Sally Field returns to Broadway in drama
Sally Field had a chance to cross The Glass Menagerie off her bucket list 13 years ago. It didn’t take.
The Emmy- and Oscar-winner is once again playing Amanda Wingfield, the fearsome Southern belle at the heart of the Tennessee Williams’ masterpiece. Field may have played her at the Kennedy Center in Washington, D.C., in 2004, and yet, here she is, playing her again on Broadway.
“It is really right up at the top — the finest American play ever written,” Field said. “There’s no doubt about that. I think that it invites investigation time and time again.” Of Wingfield, she added: “She’s a very complicated character to play.”
Field, 70, follows other celebrated actors who have landed on Broadway in recent years to tackle roles they had earlier tried on, including Glenn Close in Sunset Boulevard, Jessica Lange in Long Day’s Journey Into Night, and Jeff Daniels in Blackbird.
Paucity of female roles
For Field, it was a simple decision: “There are very few really interesting characters for older women in theater or in film or even, honestly, in literature. I mean, there are some, but you have to look for them.”
The Glass Menagerie centers on an aging, overpowering mother who hopes her unhappy son can fulfill her dreams of finding the perfect “gentleman caller” for her shy and damaged daughter. The last Broadway revival was in 2013, starring Cherry Jones and Zachary Quinto.
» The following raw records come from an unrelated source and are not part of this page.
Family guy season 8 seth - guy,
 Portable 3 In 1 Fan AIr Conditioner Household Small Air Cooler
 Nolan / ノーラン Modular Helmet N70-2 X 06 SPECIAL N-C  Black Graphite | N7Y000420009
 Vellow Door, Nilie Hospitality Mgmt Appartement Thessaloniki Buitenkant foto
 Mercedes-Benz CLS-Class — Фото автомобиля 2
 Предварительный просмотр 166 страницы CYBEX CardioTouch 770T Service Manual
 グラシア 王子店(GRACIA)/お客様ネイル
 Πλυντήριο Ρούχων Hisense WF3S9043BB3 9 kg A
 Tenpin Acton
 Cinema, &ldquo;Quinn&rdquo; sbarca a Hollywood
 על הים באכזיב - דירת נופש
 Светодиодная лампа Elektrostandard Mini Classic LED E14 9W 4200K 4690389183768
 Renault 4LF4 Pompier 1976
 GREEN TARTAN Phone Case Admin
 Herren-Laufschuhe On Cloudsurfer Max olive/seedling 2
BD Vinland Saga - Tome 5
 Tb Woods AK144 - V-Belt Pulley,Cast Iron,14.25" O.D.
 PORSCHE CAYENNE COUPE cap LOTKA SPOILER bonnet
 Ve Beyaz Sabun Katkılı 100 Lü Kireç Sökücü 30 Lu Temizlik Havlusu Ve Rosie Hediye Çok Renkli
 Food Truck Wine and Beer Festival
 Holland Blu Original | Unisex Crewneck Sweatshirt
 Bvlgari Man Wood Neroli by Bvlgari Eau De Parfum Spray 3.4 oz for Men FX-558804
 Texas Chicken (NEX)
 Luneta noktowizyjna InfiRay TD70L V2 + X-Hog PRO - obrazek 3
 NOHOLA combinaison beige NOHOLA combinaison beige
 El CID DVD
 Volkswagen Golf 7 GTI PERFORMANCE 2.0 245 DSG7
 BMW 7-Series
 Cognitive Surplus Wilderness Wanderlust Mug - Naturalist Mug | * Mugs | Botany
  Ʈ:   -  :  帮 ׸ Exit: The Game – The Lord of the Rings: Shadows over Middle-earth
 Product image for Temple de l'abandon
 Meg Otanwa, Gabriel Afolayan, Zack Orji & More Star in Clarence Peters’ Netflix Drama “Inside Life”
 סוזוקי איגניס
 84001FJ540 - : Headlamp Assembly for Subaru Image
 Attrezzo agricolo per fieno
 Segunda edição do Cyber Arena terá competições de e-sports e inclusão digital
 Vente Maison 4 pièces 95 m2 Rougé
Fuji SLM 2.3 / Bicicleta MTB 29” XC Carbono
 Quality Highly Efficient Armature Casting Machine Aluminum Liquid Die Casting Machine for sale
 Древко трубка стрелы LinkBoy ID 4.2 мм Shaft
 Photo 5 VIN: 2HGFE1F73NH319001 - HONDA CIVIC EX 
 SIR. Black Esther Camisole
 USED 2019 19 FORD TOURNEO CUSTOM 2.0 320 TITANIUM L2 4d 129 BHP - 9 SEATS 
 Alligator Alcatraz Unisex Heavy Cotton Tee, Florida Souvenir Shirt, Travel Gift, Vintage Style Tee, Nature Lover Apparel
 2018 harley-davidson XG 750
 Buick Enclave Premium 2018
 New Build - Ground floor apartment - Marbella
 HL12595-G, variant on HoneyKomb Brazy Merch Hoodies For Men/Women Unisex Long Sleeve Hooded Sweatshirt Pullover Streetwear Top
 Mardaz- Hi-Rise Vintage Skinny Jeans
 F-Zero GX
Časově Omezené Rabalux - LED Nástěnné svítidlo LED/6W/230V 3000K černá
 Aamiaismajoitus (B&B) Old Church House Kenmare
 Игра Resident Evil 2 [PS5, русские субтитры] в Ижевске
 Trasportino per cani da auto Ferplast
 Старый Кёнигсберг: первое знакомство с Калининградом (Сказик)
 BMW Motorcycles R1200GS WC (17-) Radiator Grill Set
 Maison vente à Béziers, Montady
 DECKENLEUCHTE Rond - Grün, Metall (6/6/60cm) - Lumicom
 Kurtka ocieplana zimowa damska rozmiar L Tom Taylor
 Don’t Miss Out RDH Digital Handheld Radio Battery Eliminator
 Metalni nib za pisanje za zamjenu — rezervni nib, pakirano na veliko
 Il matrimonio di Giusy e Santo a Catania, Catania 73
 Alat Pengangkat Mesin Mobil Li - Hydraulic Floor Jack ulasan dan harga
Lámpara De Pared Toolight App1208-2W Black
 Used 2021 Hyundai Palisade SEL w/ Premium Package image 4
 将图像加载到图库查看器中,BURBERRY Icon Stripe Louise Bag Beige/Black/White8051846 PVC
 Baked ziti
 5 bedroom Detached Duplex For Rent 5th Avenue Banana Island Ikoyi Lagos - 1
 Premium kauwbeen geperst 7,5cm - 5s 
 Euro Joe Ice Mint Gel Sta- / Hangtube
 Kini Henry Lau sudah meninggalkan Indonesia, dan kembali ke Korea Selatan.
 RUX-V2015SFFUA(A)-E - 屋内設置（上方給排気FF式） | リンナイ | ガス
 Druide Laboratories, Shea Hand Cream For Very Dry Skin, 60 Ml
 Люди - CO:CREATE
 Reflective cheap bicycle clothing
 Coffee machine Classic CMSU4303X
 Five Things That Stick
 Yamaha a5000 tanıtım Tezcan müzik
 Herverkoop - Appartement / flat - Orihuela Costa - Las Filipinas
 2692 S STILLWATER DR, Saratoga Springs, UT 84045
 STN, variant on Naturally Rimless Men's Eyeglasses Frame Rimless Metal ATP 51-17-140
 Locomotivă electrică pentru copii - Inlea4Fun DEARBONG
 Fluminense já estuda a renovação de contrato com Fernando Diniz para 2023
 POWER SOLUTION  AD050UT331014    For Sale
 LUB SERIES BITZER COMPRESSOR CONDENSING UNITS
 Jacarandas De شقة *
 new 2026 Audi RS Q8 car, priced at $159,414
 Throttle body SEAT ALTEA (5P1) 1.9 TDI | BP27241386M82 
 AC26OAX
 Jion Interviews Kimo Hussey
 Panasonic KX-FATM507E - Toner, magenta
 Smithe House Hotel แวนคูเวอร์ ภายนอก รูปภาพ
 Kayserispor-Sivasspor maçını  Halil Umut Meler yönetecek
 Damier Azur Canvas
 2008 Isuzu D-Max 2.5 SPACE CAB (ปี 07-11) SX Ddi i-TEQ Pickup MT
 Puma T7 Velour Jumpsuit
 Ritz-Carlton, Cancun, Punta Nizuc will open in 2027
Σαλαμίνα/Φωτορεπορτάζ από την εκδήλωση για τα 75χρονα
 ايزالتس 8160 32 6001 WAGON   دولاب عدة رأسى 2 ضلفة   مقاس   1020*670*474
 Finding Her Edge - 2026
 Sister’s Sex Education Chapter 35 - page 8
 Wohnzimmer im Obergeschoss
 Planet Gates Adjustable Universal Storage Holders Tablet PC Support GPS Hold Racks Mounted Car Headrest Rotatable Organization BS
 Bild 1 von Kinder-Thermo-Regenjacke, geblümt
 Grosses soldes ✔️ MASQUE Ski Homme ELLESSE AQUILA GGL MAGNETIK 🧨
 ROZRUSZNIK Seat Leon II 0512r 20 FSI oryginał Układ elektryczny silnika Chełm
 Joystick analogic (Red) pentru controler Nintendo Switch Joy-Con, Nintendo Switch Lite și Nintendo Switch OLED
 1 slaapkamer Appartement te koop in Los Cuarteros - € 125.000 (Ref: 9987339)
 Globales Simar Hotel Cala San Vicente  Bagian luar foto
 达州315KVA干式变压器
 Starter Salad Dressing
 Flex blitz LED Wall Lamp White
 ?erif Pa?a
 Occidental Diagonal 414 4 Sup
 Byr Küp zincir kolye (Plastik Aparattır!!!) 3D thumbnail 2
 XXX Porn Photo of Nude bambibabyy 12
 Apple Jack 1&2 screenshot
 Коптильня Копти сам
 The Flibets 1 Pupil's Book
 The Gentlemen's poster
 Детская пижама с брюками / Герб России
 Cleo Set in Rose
This revival is directed by Tony Award-winner Sam Gold and co-stars two-time Tony Award winning actor and director Joe Mantello, playing Field’s son, along with Finn Wittrock and Madison Ferris.
Field admits she has a “creative crush” on Gold, the much-admired director of the musical Fun Home, who last year had explored the work in Amsterdam. Adding Mantello was just icing on the cake. “Of course I would always consider doing Amanda again, but under these circumstances it was better than good,” she said.
Gold couldn’t believe his luck to entice Field. “I don’t know what I did to deserve this,” he said. “She was like, ‘I just want to get back on stage.’ And I was really excited about that play, which is her favorite part. So it just worked out to be the easiest decision ever made.”
Top of the acting trifecta
Field won Academy Awards for Norma Rae and Places in the Heart, and was Oscar nominated for her Mary Todd in Steven Spielberg’s Lincoln. She also spent five seasons in ABC’s “Brothers and Sisters,” winning an Emmy in its first season.
Field, whose only other appearance on Broadway was as a replacement in 2002 in The Goat, or Who Is Sylvia by Edward Albee, is a huge theater fan, seeing as much as she can, often multiple times.
The Glass Menagerie that has emerged at the Belasco Theatre is more bare-boned than previous productions, according to Field. “It isn’t your mother’s Glass Menagerie,” she said. “It is a harder look at it.”
“It’s all worth seeing. I think right now, American theater is really exciting. I think in New York — off-Broadway, on Broadway — it’s a very exciting time. And I might add, I think, an important time for artists, for voices, for what theater is — for the dangerous nature of theater.”